# Exercise
Please restate, word for word, the lines below that begin at the one with "Ultralichte Hangmat - Reis" and end at the one with "OFFICINE GÉNÉRALE Zoe". Leave out all other lines.

*** Begin section ***

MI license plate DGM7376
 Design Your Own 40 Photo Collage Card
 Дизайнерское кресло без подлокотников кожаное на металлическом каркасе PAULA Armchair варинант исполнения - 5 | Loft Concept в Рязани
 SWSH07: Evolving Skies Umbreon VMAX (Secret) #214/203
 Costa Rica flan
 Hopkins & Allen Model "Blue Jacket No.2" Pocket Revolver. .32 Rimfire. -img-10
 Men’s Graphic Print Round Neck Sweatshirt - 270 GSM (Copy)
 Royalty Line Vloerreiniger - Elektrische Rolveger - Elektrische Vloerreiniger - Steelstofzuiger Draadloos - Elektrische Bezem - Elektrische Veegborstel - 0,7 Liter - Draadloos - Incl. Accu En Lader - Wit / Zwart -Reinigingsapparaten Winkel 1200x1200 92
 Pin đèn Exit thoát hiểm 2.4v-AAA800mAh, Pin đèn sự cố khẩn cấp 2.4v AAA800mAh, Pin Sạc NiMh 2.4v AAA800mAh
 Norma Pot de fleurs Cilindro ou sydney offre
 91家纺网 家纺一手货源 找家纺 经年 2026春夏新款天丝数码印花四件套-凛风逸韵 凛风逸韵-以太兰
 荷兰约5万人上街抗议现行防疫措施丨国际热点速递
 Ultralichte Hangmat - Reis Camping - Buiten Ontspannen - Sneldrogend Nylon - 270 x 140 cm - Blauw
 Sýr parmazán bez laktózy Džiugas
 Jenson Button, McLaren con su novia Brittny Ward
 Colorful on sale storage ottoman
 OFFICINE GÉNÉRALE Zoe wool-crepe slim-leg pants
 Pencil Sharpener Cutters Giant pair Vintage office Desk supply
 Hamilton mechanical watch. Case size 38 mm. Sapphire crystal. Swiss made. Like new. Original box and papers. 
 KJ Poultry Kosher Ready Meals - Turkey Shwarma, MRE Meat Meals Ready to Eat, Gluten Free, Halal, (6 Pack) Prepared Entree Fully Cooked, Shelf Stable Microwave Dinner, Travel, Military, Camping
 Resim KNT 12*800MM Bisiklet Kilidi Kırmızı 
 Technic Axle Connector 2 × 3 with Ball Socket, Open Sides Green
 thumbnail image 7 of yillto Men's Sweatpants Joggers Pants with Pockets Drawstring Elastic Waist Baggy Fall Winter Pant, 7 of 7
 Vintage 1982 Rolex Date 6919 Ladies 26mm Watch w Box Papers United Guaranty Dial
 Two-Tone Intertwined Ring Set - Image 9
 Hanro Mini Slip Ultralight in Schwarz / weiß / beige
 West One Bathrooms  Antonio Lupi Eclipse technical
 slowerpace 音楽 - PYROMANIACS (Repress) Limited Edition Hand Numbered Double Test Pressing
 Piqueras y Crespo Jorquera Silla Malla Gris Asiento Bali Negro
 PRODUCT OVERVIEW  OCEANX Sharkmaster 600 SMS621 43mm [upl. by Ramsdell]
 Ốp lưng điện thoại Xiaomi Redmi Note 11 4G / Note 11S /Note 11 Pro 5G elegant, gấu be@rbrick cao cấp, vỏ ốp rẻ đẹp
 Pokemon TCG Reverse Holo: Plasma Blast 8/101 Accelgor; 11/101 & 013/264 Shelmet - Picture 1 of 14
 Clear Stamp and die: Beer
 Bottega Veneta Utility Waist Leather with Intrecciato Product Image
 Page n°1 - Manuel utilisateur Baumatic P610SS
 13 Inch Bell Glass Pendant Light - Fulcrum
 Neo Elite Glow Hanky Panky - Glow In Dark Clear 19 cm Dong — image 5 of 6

*** End section ***

# The completed task
 Ultralichte Hangmat - Reis Camping - Buiten Ontspannen - Sneldrogend Nylon - 270 x 140 cm - Blauw
 Sýr parmazán bez laktózy Džiugas
 Jenson Button, McLaren con su novia Brittny Ward
 Colorful on sale storage ottoman
 OFFICINE GÉNÉRALE Zoe wool-crepe slim-leg pants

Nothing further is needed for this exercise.